Gülüşündeki eda pek manidar, inanmam da deva bulmam.
Hele o bakışların yok mu?
Gökçe eder dokunduğu her yeri.
Bembeyaz elbisesi, sarı şemsiyesi…
Gamsız eder, elem eder beni, her saniyesi.

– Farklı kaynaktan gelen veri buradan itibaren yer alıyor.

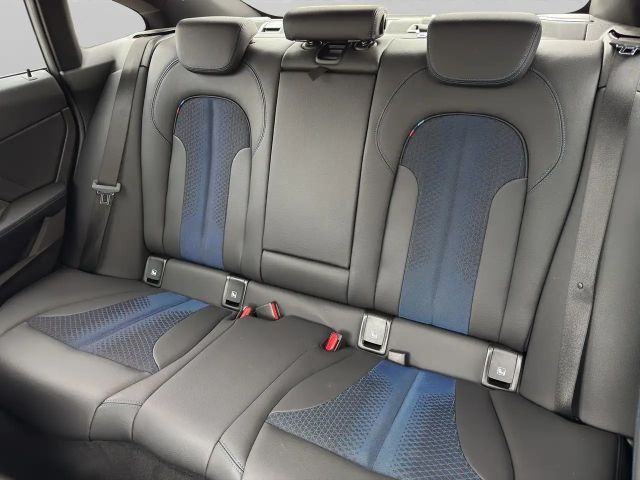 BMW 218 218i Coupé Gran Coupé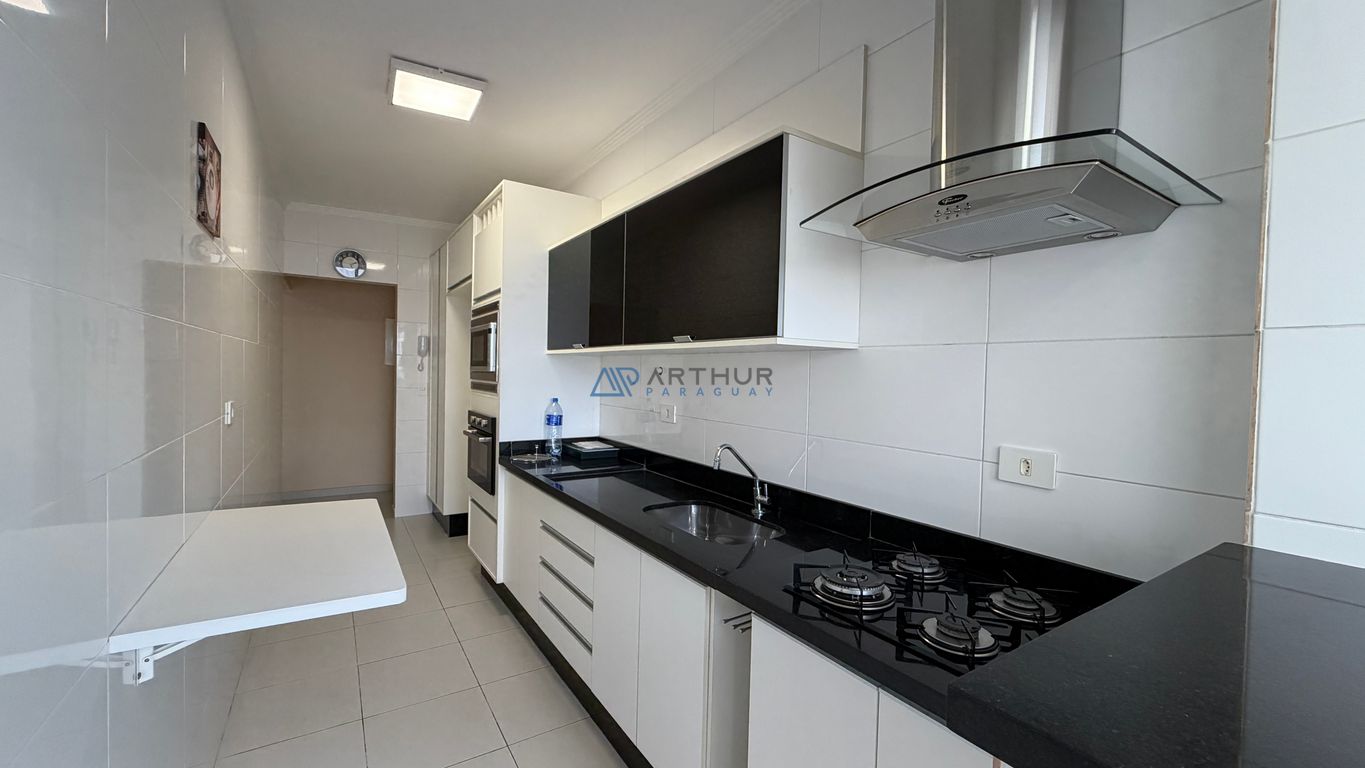 Apartamento 2 dormitórios à venda na Guilhermina, Praia Grande – 85 m² - foto 6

Utanır ufak ufak, ince bir keman sesinin tevazu ile şarkıya girişi gibi.
E hadi ne duruyorsun Tatyos Efendi!
Durma doldur!
Doldur kadınımın tenini kadehime.
Durmayın efendiler söyleyin!
Söyleyin yek bir ağızdan.
Susmayın!
Bin asırdır beklemişim,
sonunda noksanlığım bitmiş ama gerekte kalmamış gibi.
Bir andır yaşamışım,
sonunda ömrüm yitmiş daha da yaşamaya lüzum kalmamış gibi.
Nasıl anlatsam bilmem
Susmakta nefer olmaz derdime
Gamzedeyim deva bulmam
Tatyos Efendi meyhanesinde.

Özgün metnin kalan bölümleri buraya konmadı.